Work to be completed: Find all the lines in the material below with the word "Model", and copy them.

Records for this exercise:
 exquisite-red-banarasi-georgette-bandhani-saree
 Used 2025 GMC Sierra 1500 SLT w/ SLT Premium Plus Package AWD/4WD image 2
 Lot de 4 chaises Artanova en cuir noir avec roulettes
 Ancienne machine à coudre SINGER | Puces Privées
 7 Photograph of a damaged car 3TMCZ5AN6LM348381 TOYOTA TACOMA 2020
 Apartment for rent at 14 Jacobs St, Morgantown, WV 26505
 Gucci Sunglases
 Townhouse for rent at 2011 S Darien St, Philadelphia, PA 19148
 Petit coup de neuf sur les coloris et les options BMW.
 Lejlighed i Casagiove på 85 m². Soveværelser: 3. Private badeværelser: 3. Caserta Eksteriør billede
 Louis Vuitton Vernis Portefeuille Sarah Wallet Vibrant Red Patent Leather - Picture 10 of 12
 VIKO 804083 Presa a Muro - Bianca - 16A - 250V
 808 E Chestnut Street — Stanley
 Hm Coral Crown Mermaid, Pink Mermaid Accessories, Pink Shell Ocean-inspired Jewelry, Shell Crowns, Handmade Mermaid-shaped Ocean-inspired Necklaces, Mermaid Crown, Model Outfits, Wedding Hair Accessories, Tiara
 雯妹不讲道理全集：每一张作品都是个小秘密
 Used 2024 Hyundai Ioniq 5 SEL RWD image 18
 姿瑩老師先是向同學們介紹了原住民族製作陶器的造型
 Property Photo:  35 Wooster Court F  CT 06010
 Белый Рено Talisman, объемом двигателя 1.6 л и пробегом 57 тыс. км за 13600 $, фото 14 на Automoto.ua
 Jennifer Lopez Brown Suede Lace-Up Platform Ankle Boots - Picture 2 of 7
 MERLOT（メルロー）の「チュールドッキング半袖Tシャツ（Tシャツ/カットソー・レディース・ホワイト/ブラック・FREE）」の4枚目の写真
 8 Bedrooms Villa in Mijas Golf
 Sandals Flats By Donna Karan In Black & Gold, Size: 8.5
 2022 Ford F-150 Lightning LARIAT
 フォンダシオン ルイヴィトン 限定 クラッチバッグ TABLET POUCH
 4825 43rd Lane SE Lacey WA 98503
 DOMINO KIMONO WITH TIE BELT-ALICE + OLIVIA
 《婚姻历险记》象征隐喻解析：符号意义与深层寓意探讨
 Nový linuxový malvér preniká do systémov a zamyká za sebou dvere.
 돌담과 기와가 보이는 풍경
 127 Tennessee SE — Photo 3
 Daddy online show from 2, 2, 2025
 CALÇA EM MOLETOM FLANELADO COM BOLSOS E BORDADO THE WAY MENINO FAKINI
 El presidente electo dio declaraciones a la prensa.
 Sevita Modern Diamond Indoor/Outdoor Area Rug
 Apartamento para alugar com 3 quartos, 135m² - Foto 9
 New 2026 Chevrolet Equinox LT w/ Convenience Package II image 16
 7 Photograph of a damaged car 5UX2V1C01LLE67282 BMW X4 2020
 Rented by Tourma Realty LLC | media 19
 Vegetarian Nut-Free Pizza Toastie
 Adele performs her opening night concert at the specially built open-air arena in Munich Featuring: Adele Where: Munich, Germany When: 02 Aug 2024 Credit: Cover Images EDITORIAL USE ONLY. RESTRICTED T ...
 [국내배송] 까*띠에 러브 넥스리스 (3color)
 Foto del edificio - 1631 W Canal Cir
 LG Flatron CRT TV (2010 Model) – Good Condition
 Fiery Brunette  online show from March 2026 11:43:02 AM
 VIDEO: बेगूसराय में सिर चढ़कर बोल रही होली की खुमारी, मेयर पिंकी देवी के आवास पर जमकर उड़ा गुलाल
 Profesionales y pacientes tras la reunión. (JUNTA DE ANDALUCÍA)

Exercise result:
 Hm Coral Crown Mermaid, Pink Mermaid Accessories, Pink Shell Ocean-inspired Jewelry, Shell Crowns, Handmade Mermaid-shaped Ocean-inspired Necklaces, Mermaid Crown, Model Outfits, Wedding Hair Accessories, Tiara
 LG Flatron CRT TV (2010 Model) – Good Condition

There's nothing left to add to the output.